How the hell did he elude them for so long? Coma? If the older, wiser
character is supposed to be paranoid and crafty, then give him some
credit. Hackman's 1955 photos should have looked like Frank Whaley,
so that we can be amazed at how much he changed his own physical appearance.
Better yet, they should have looked like Will Smith (okay, maybe not
that far).
Why did the writer
decide that Will Smith's character had to know Jason Lee's character?
It didn't bear on the plot at all... and Will sure didn't seem too broken
up about watching his old buddy get run down. It would make more sense
to just have this stranger (who somehow broke into Victoria's Not-So-Secret)
accost him long enough to plant the super evidence. Will wonders what
this dude's deal is, but he's capped before he gets a chance. I don't
know about you, but if I saw someone I hadn't seen in years get killed
before my very eyes, I would feel more than a little strange. Things
like this compel you to find out what he was up to these last years...

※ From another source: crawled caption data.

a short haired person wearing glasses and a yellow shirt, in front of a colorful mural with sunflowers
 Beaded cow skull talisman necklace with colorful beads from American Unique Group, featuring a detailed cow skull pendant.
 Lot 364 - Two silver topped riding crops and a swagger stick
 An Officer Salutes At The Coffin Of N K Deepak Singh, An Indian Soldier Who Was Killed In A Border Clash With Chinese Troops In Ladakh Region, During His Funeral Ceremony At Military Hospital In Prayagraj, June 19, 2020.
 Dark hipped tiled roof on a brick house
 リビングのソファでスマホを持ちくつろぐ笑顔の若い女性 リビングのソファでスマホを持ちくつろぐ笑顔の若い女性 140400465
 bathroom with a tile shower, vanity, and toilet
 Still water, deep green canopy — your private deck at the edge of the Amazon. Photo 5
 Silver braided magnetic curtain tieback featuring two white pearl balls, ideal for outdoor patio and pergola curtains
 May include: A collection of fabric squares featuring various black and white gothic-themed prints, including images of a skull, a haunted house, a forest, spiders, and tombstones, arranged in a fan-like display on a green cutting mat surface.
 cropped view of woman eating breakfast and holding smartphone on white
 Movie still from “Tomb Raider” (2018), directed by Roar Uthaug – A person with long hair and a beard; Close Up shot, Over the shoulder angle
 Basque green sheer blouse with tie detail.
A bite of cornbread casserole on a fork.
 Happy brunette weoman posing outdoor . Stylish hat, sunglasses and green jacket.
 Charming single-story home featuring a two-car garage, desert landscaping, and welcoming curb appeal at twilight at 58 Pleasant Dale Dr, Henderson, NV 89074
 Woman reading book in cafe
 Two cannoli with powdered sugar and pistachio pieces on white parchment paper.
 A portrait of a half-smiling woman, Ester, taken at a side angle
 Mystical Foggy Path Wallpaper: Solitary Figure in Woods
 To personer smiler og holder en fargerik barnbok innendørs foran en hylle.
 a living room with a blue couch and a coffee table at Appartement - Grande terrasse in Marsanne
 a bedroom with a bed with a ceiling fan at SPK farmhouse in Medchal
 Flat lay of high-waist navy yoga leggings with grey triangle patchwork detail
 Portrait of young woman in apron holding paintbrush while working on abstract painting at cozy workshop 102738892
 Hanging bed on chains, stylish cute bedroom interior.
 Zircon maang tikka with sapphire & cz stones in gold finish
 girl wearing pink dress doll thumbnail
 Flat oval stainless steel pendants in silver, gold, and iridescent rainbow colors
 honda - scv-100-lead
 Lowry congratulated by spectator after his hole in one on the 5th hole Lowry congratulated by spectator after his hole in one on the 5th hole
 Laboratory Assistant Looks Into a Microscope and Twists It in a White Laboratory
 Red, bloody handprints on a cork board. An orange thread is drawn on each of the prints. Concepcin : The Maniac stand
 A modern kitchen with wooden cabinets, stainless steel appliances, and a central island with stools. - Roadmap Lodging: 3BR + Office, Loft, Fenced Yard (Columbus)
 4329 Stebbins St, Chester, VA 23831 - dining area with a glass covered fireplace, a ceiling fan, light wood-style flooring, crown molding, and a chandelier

how is his family? Where are my other friends I lost track of... you
know, Big Chill stuff. Not in THIS movie. It was like Will saw
a bird crap on a car. Interesting, but hardly noteworthy.
Finally, if we're
supposed to be worried about the bad guys, then they should seem threatening.
What about Jack Black? What the hell is that guy doing playing an NSA
agent? Was Tony Scott so bowled over by his performance as the lame
weapons genius from The Jackal? Having worked for the government,
I know that they would not hire Jack Black in the NSA. No no no. If
they did: haircut. Jack Black is good in roles like the one he played
in High Fidelity; a goofy guy with no responsibilities. I just
don't buy him as the government computer expert. I would be more worried
about getting farted on by Jack Black than having him hunt me down with
his mad computer skills. Jon Voight, on the other hand is scary looking
and menacing by nature, but give him some intelligent dialogue. Make
us fear for the good guys.
The whole movie
was mediocre from the get-go. Next time, start with the script and not
with the cool freeze-pivot special effect.